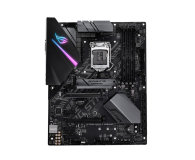 ASUS ROG STRIX H370-F GAMING - 423264 - zdjęcie 2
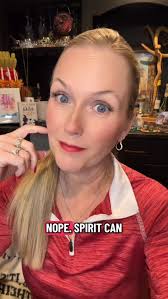 Clairvoyance Creates Freedom, a blog post by Mary Ellen Flora.  https://bit.ly/44yaCx0 #clairvoyance #intuition #spiritualfreedom  #innerclarity #thirdeye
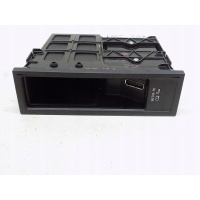 Блок интерфейс usb - wv passat b6 cc 5n0035341c
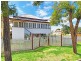 303 East Street, Depot Hill QLD 4700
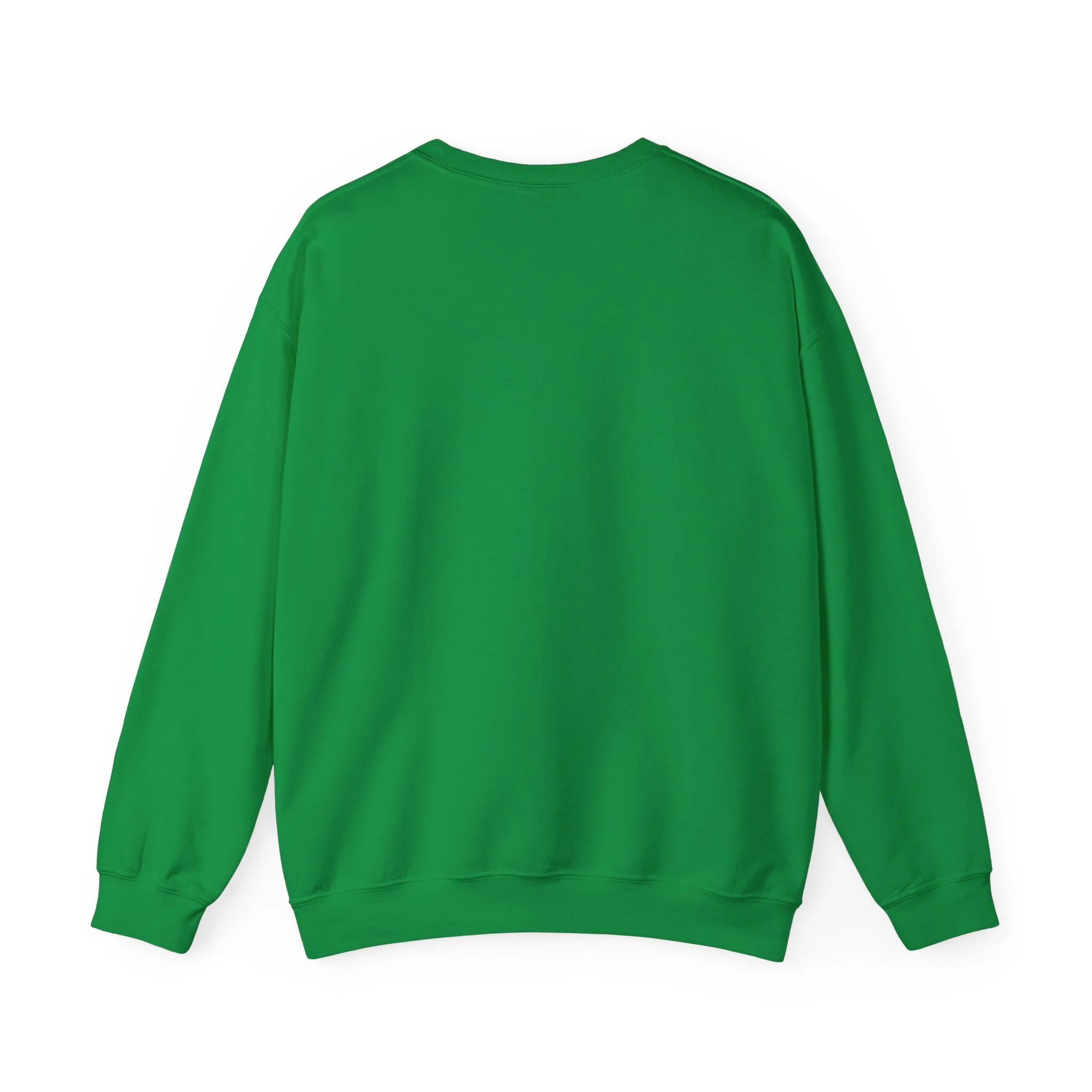 Mine (Uterus) - Unisex Crewneck Sweatshirt - Image 27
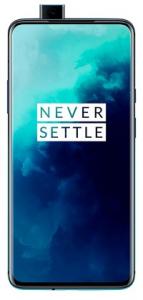 OnePlus 7T Pro 8/256Gb (Дымчатый синий)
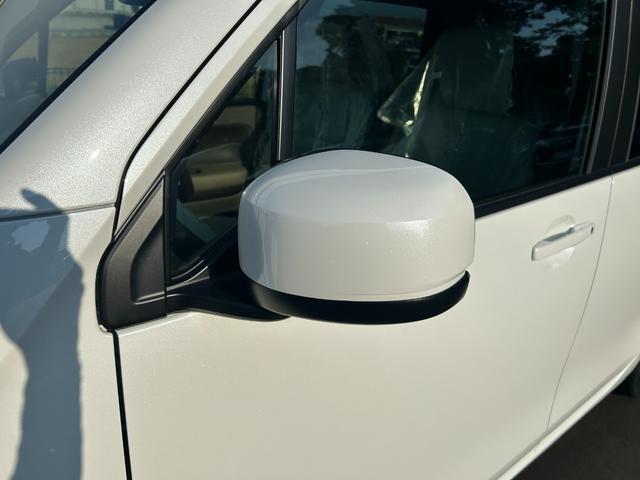 ご覧いただきありがとうございます♪気になったお車がありましたらお気軽にお電話をください♪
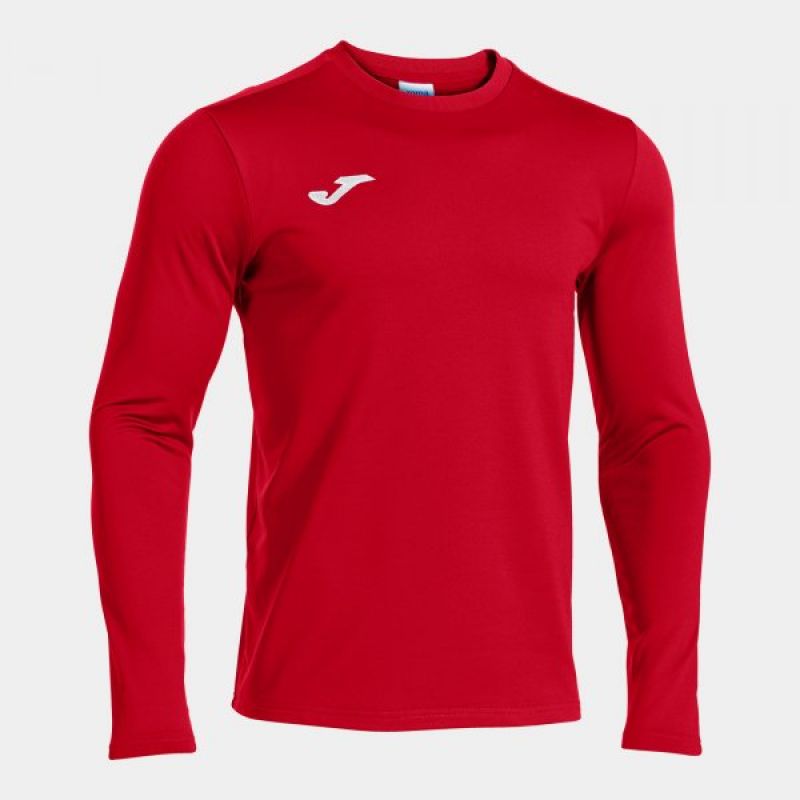 Joma Final Basket III Sweatshirt M 104245.600 Clothing/Basketball Joma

============

Exercise aim:
Print out every record above exactly as given. Do not include the pictures.

Your response:
 ASUS ROG STRIX H370-F GAMING - 423264 - zdjęcie 2
 Clairvoyance Creates Freedom, a blog post by Mary Ellen Flora.  https://bit.ly/44yaCx0 #clairvoyance #intuition #spiritualfreedom  #innerclarity #thirdeye
 Блок интерфейс usb - wv passat b6 cc 5n0035341c
 303 East Street, Depot Hill QLD 4700
 Mine (Uterus) - Unisex Crewneck Sweatshirt - Image 27
 OnePlus 7T Pro 8/256Gb (Дымчатый синий)
 ご覧いただきありがとうございます♪気になったお車がありましたらお気軽にお電話をください♪
 Joma Final Basket III Sweatshirt M 104245.600 Clothing/Basketball Joma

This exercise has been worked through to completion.